Iraq: In recently released photos and videos, the Islamic State has shown the murder of several men accused of being gay. One was killed by being thrown off a 100 foot building onto concrete. Another man was killed by being thrown off a roof into a pile of rocks. When it became evident that he survived, he was stoned to death. A third man was executed by beheading. Crowds, including young children, are often gathered to watch these murders.
Saudi Arabia: On Wednesday, April 20, 2016, Hussain al-Magaafi became the 85 individual executed so far this year in the kingdom. Hussain was executed for the fatal stabbing of another national during an argument.

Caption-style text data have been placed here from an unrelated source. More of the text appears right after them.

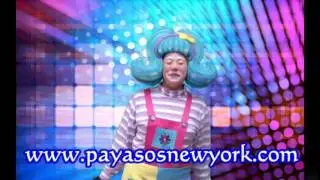Payasos New York con la Payasita Rosie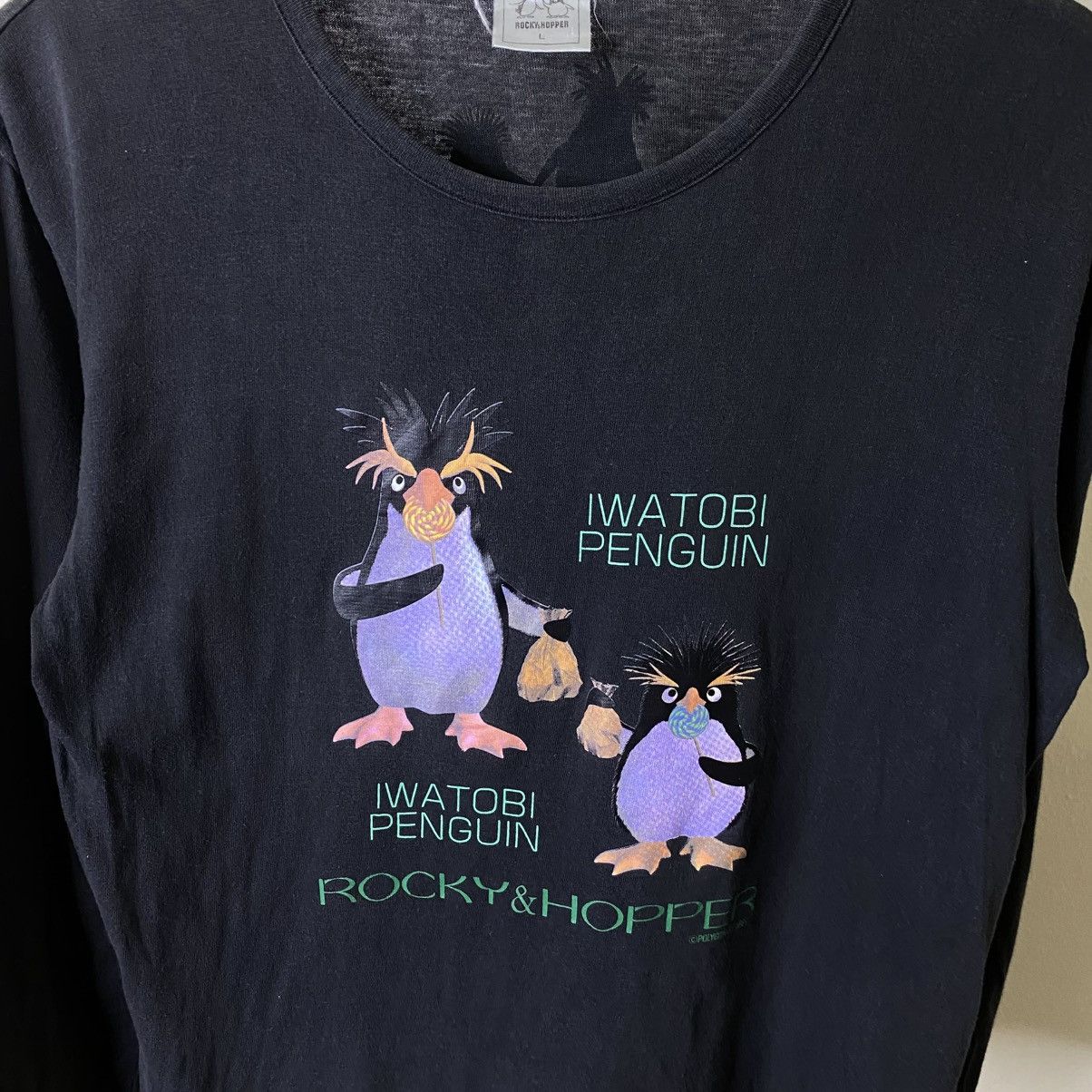 Other Iwatobi Penguin: Rocky × Hopper Video Games Promo LS T Shirt Size US M / EU 48-50 / 2 - 2 Thumbnail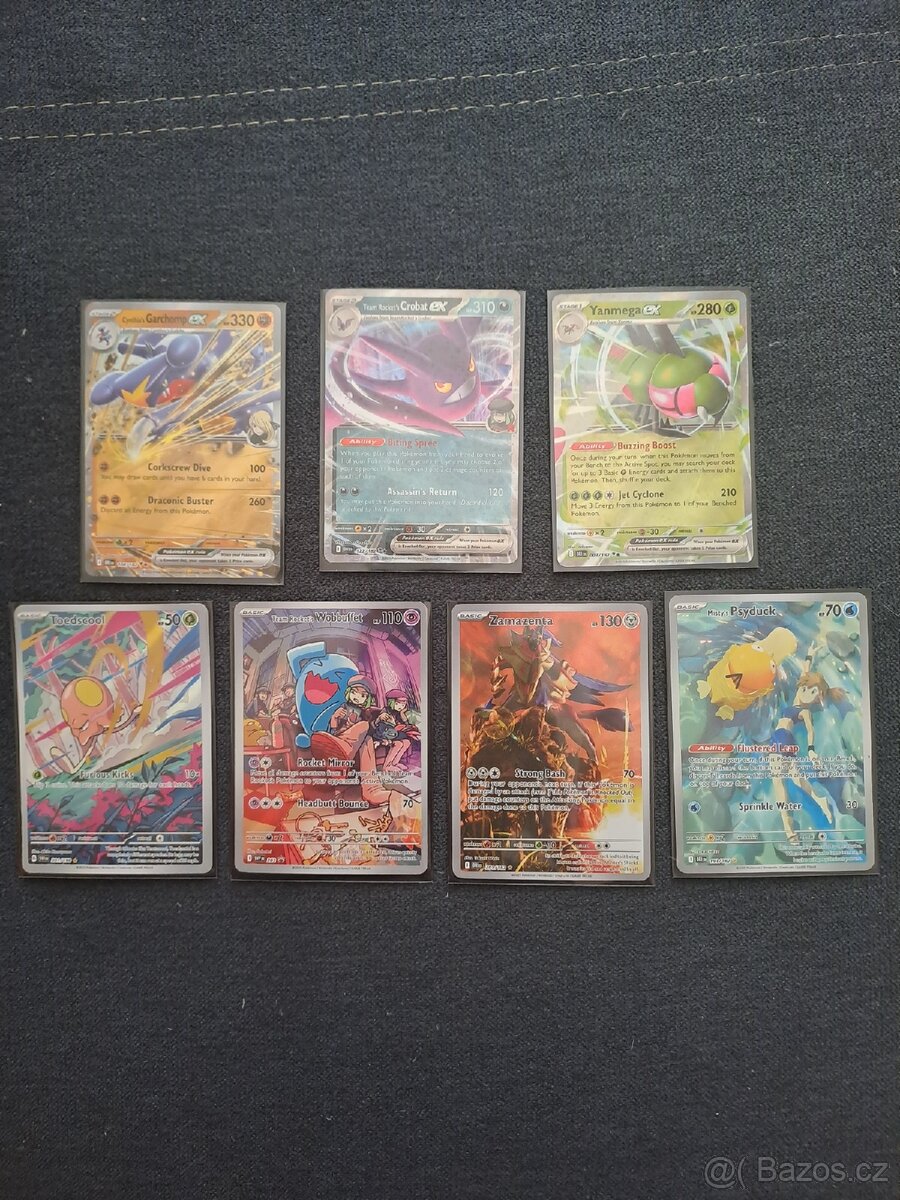 Karty Pokemon Destined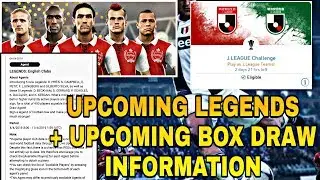 upcoming box draw and legends  ||PES19 MOBILE||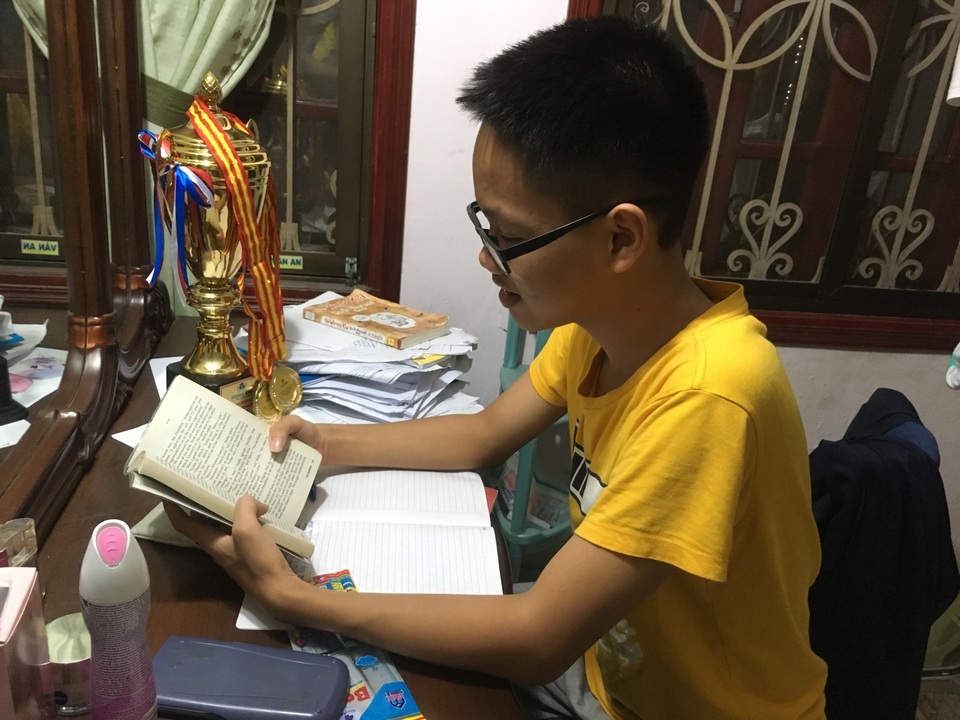 Quán quân TOEFL Junior Achievers 2017: “Tiếng Anh tự tìm đến với em” - 2 Sở thích đọc sách tiếng Anh của Thắng.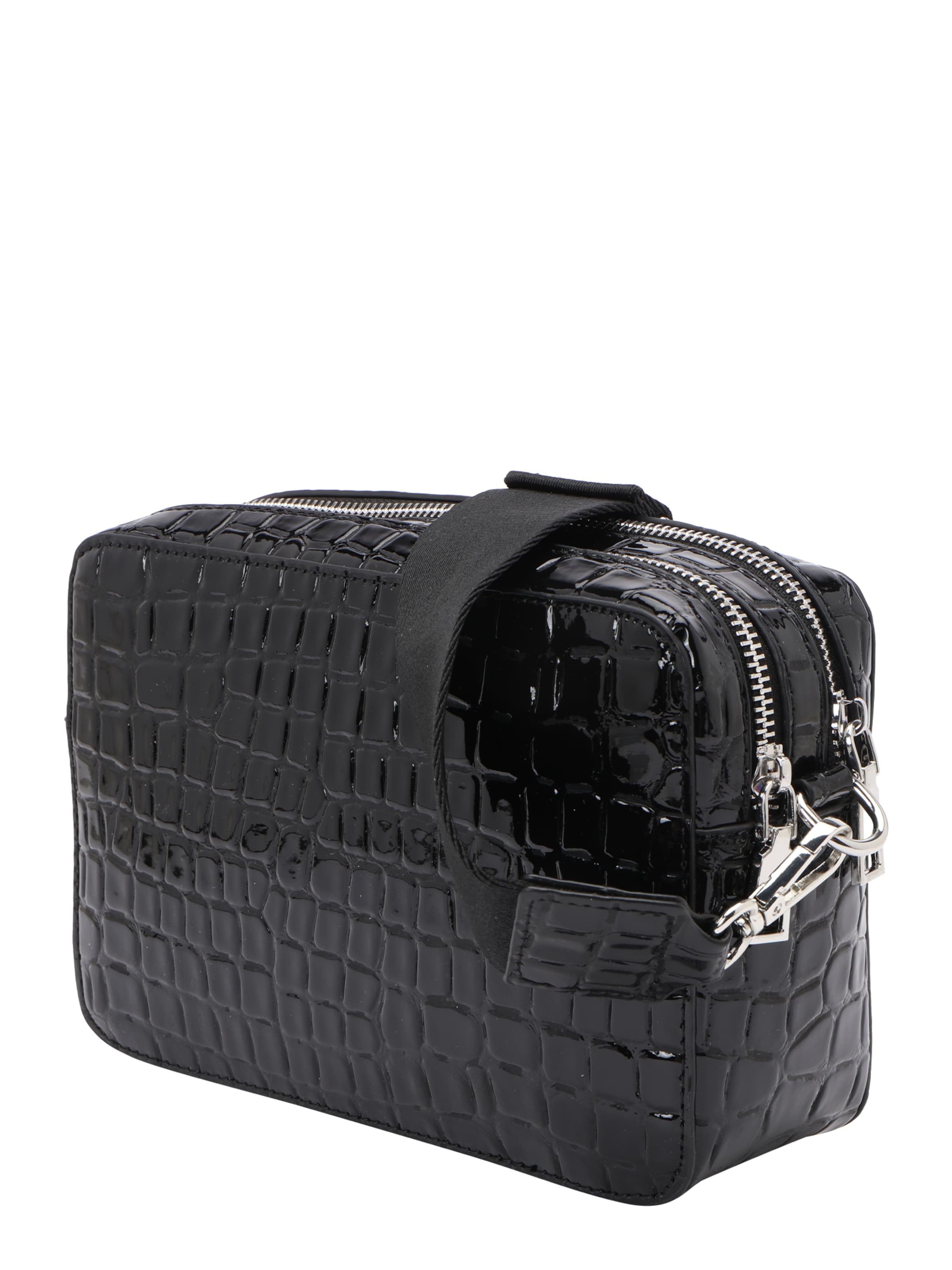 juoda Seidenfelt Rankinė su ilgu dirželiu 'Nesna'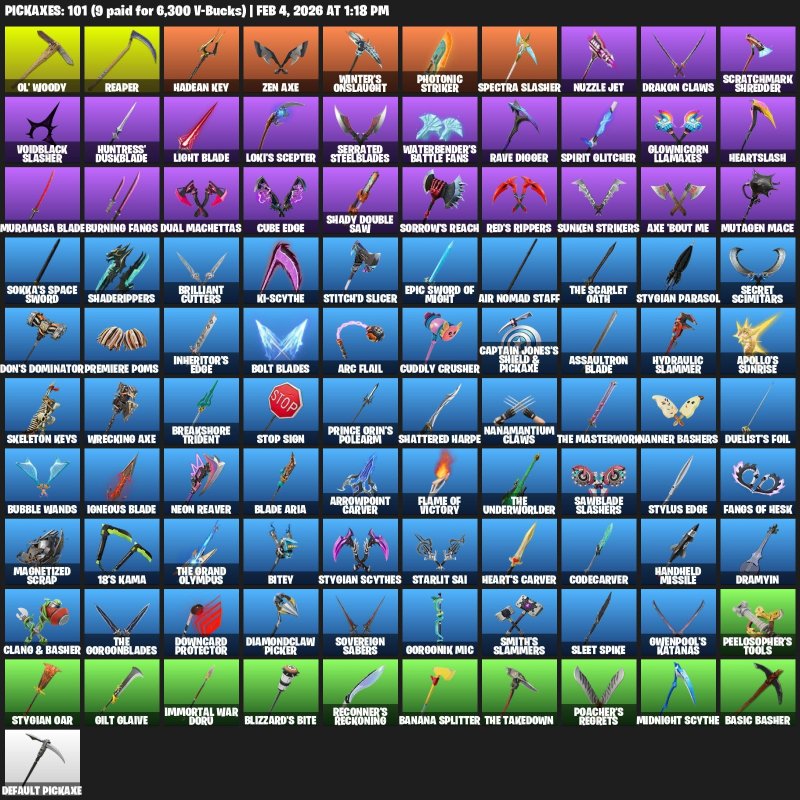 🎨 93 skins | 🌟 Fortnite account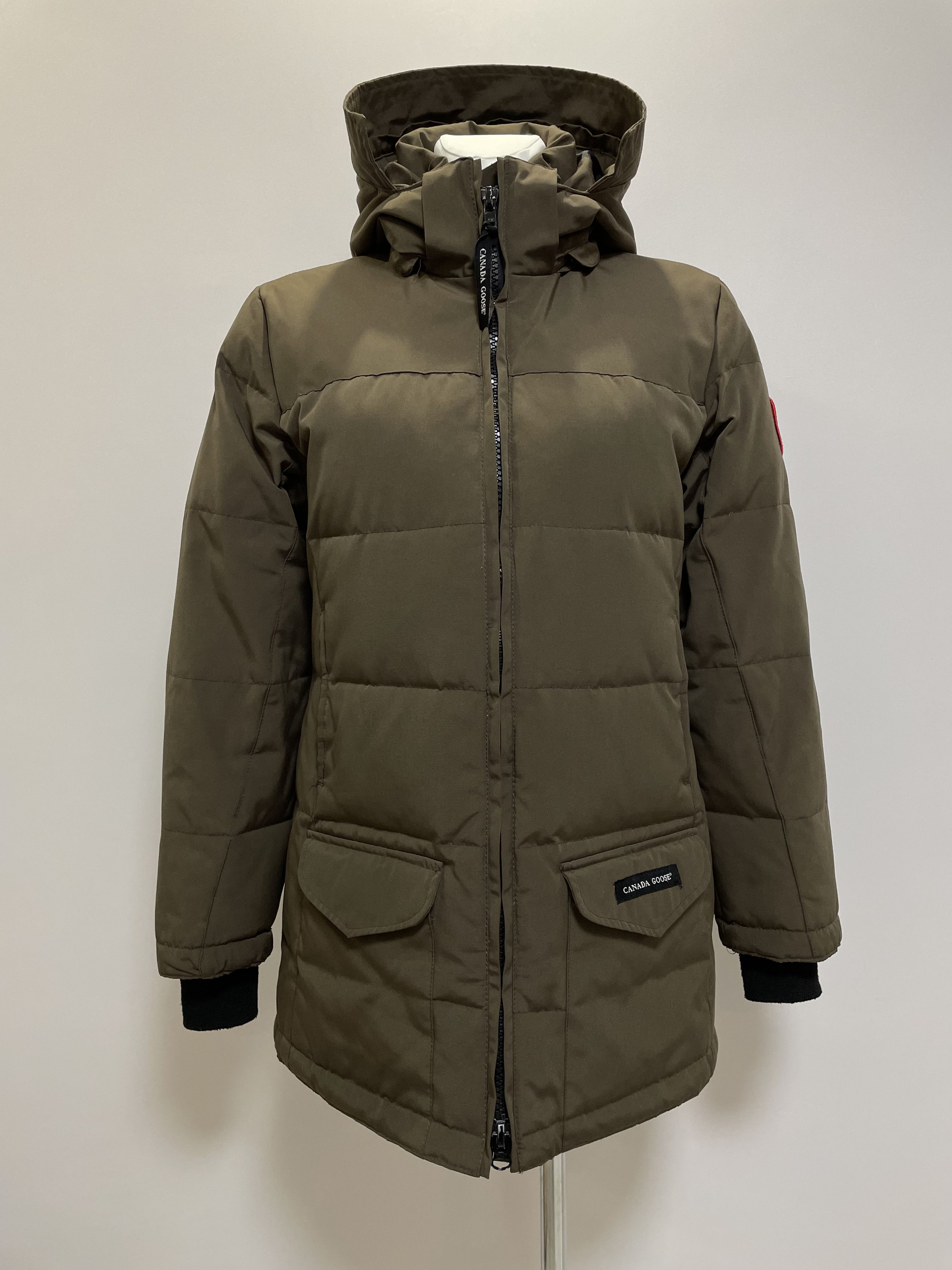 Canada Goose CANADA GOOSE Solaris Parka Women's Down Jacket Puffer Hooded Size S / US 4 / IT 40 - 2 Thumbnail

United States of America: During the summer months, death row inmates at the Louisiana State Penitentiary in Angola argue that their rights are being violated due to the extreme heat and humidity. During the three year legal battle, inmates have argued that they have the right to have air conditioning installed due to the extreme heat. The state argued that installing air conditioning was extremely expensive and that there were other ways to cool off death row. A plan has been accepted by Chief US District Judge Brian Jackson, who agreed that the extreme temperatures violated the inmates rights. Instead of air conditioning, however, heat and humidity sensor have been installed and will be monitored from April 1 until October 31. Additionally, hot and cold shower water valves have been installed, allowing for daily cold showers, an additional ice machine has been purchased, each death row inmate will receive individual ice containers, and additional fans have been installed. The plan also states that if temperatures become too high, prisoners can be moved to the their were the death chamber is located, as it can be air conditioned. Death row inmates argue that these new measures are “half hearted” and will do little to remedy the problem.
In the recently updated Texas Department of Criminal Justice’s “Offender Orientations Manuel,” it now states that “Offenders are prohibited from maintaining active social media accounts for the purposes of soliciting, updating, or engaging in others, through a 3rd party or otherwise.” Inmates who violate this rule could be punished in prison. Advocates for the prisoners, including those for death row inmates are concerned that this new policy will prevent individuals for making online advocacy pages. It has also been argued that the policy violates the inmate’s right to free speech. The Texas Department of Criminal Justice has defended the policy, stating that it is aimed at social media sites such as Facebook, Twitter, and Instagram, where some prisoners will sell items of their victims or harass the victim’s family members.
Both the House and Senate in Mississippi have passed a bill that would make the names of prison employees involved in an execution and the providers of the drugs for the execution a state secret. It would also protect the identities of the family members of the victim(s) and of the inmate who attend the execution. The bill has now been sent to the Governor Phil Bryant for his approval or veto.
An investigation has revealed that Oklahoma used a wrong drug in its most recent execution, and it was going to be used in a second if prison officials had not noticed. The drugs were delivered on the day of the execution. Now, Oklahoma Governor Mary Fallin has signed a bill into law that allows the Department of Corrections to store lethal injection drugs at the Oklahoma State Penitentiary.
Lawmakers in Virginia have approved the bill amended by Governor Terry McAuliffe. The bill originally proposed that the electric chair be the default method of execution if the state was unable to obtain execution drugs. The amended and approved bill will allow the state to the shield the identities of those who supply execution drugs from the public.